The Fables for Our Time contained in Thurber's The Thurber Carnival are, in my opinion, particularly good examples of a writer successfully 'breaking frames' in order to create humor and satire. In this essay I am going to explore the main methods Thurber uses to create humor and satire in the fables "The Shrike and the Chipmunks" and "The Unicorn in the Garden"2.
Firstly though, what do I mean by the 'broken frame'? This is a reference to the idea that the violation of our 'frames of reference', and the recognition of the incongruity caused by it, is the basic element of humour. If the incongruity needs to be explained, the humour will be lost. Kant expresses this idea when he says "Laughter is an affection arising from a strained expectation being suddenly reduced to nothing"3.
Thurber violates several different types of expectation in his attempts to create humour and satire. These range from expectation of the rules of fable and other literature, to expectation of characterisation, and expectation of the familiar saying.
"The Shrike and the Chipmunks", is first and foremost a parody of the traditional fable.
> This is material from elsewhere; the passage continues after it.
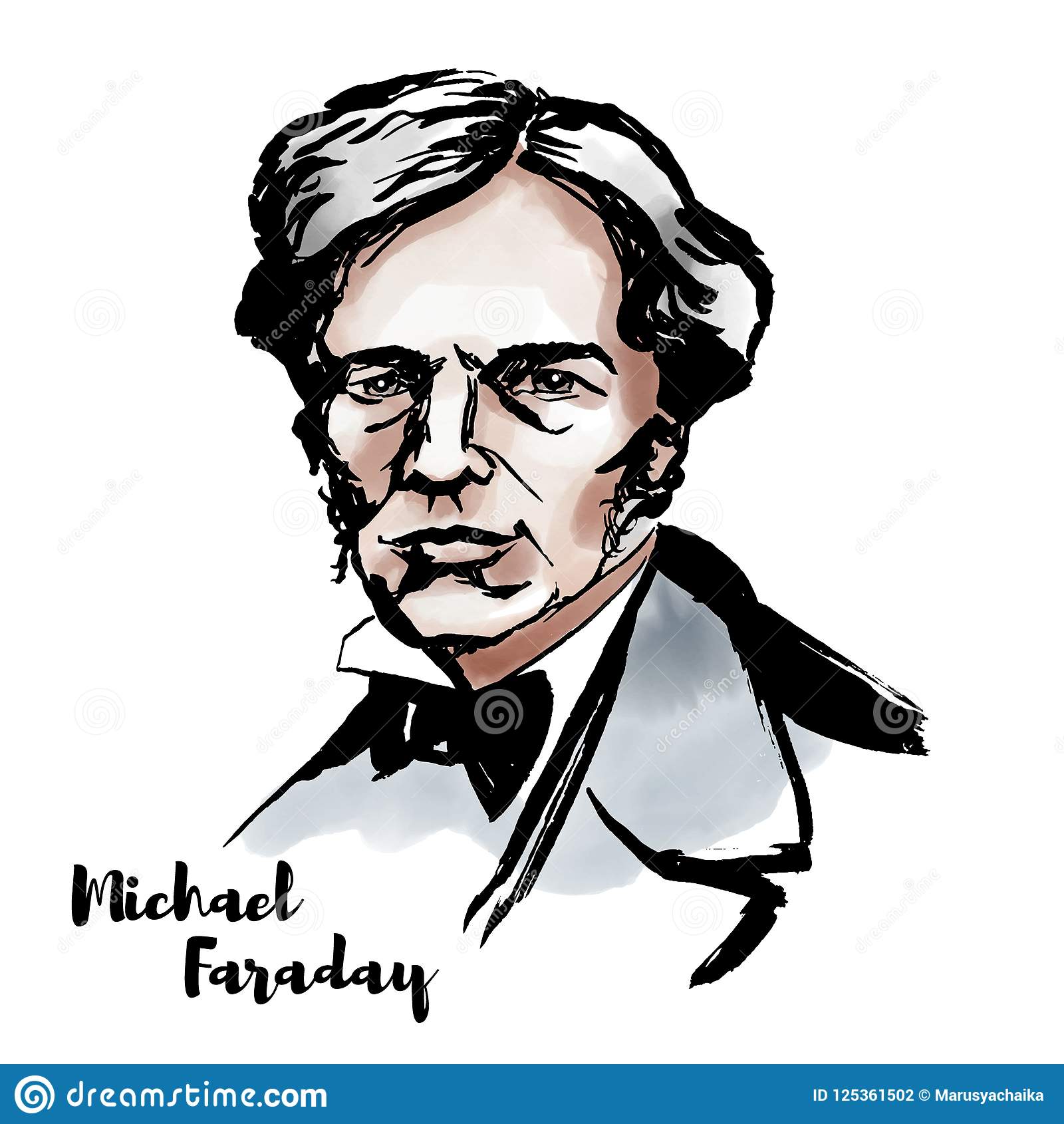 Detail Gambar Michael Faraday Nomer 52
It has all the traditional ingredients: the anthropomorphised Chipmunks, corresponding with stereotyped human characters, the building of suspense over a perceived right and wrong type of behaviour, a corresponding climax, and a moral at the end.
Anthropomorphism is a common technique of humour. Umberto Eco explains that this is so that the audience can laugh at the 'broken frame', without the discomfort of empathy with the frame breaker. "It is for this reason that the animalisation of the comic hero is so important"4. But quite apart from this use, Thur...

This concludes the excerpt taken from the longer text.